Input for this task ▸
━━━━━━━━
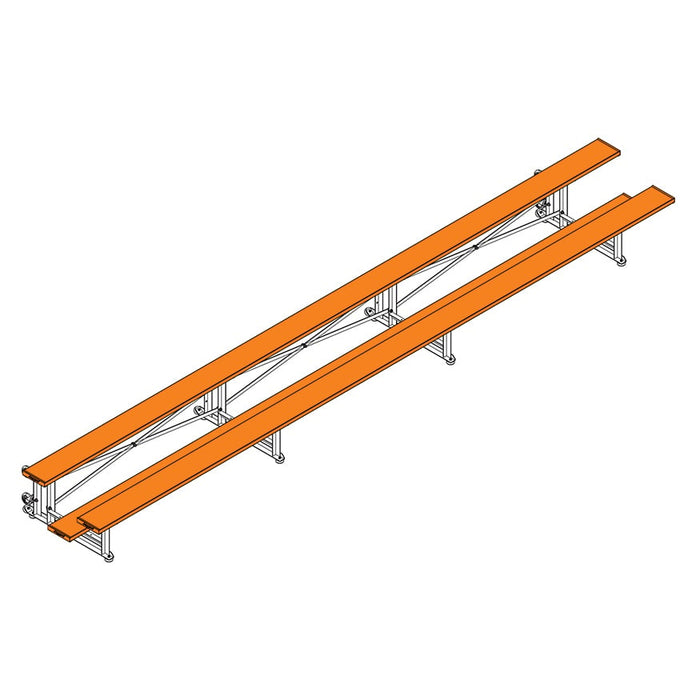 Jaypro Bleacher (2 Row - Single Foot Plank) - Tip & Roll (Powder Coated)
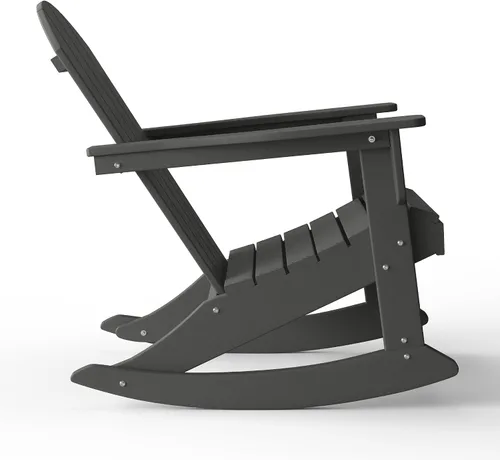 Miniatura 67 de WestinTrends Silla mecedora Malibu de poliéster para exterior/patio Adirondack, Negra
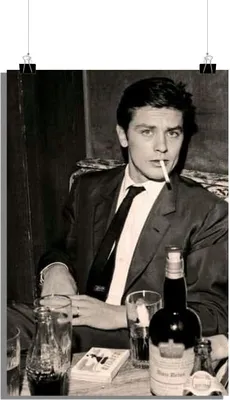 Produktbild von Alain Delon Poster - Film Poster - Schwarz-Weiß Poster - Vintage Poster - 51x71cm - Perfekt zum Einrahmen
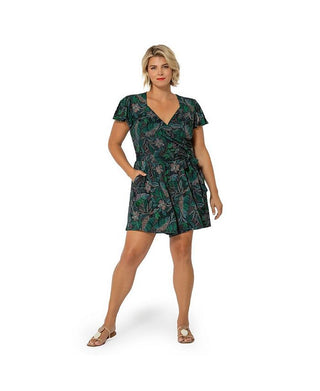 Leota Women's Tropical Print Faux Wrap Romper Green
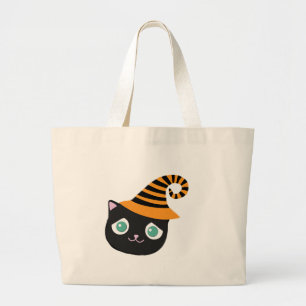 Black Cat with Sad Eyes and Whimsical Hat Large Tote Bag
━━━━━━━━
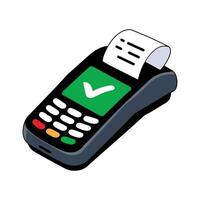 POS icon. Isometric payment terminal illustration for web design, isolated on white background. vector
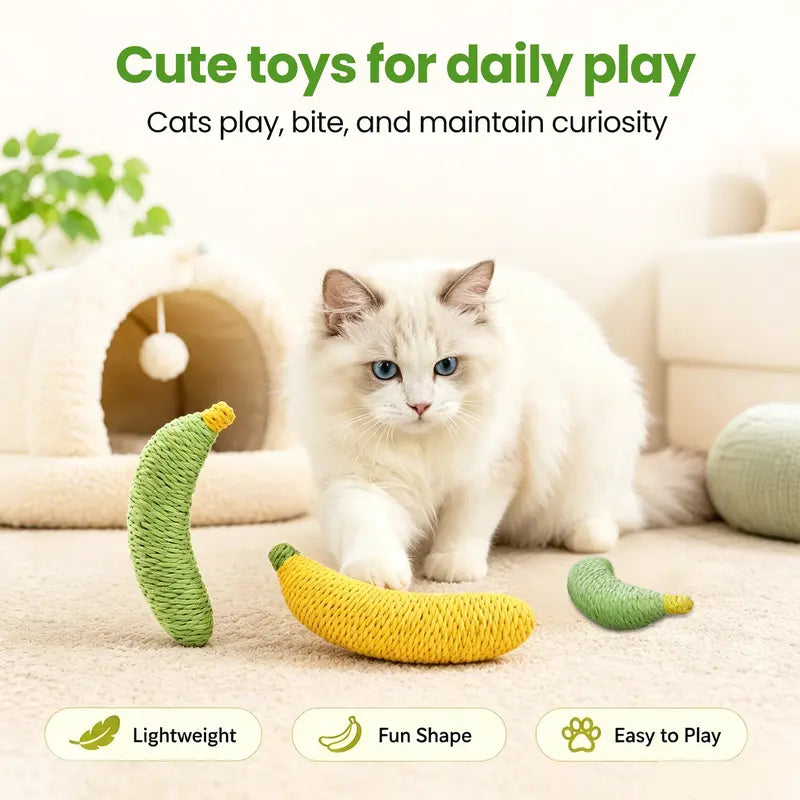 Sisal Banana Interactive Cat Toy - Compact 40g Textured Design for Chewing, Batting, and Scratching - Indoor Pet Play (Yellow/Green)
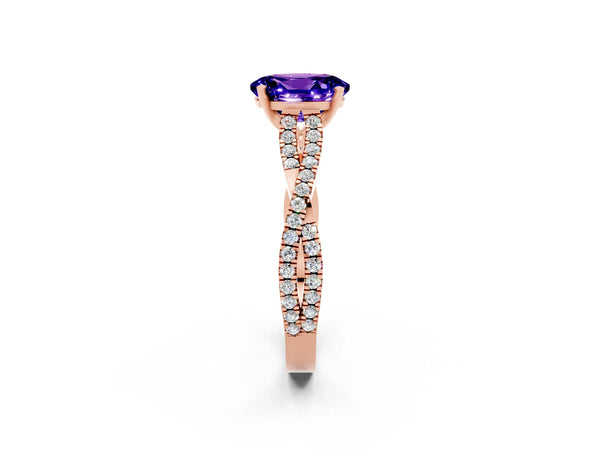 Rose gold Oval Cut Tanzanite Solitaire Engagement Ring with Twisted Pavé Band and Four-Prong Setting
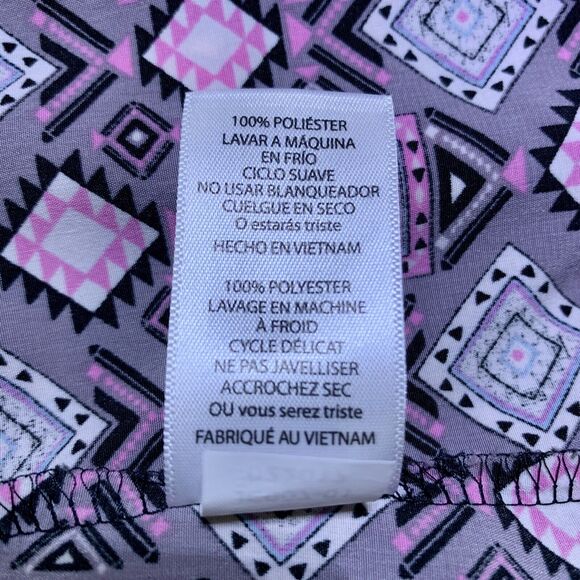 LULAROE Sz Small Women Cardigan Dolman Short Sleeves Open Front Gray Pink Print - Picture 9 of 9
━━━━━━━━
What the exercise asks ▸ Look above for the line with "Rose gold Oval" and the line with "LULAROE Sz Small"; set down those two lines and all lines between them exactly, without pictures and without anything else.

Your response ▸
 Rose gold Oval Cut Tanzanite Solitaire Engagement Ring with Twisted Pavé Band and Four-Prong Setting
 LULAROE Sz Small Women Cardigan Dolman Short Sleeves Open Front Gray Pink Print - Picture 9 of 9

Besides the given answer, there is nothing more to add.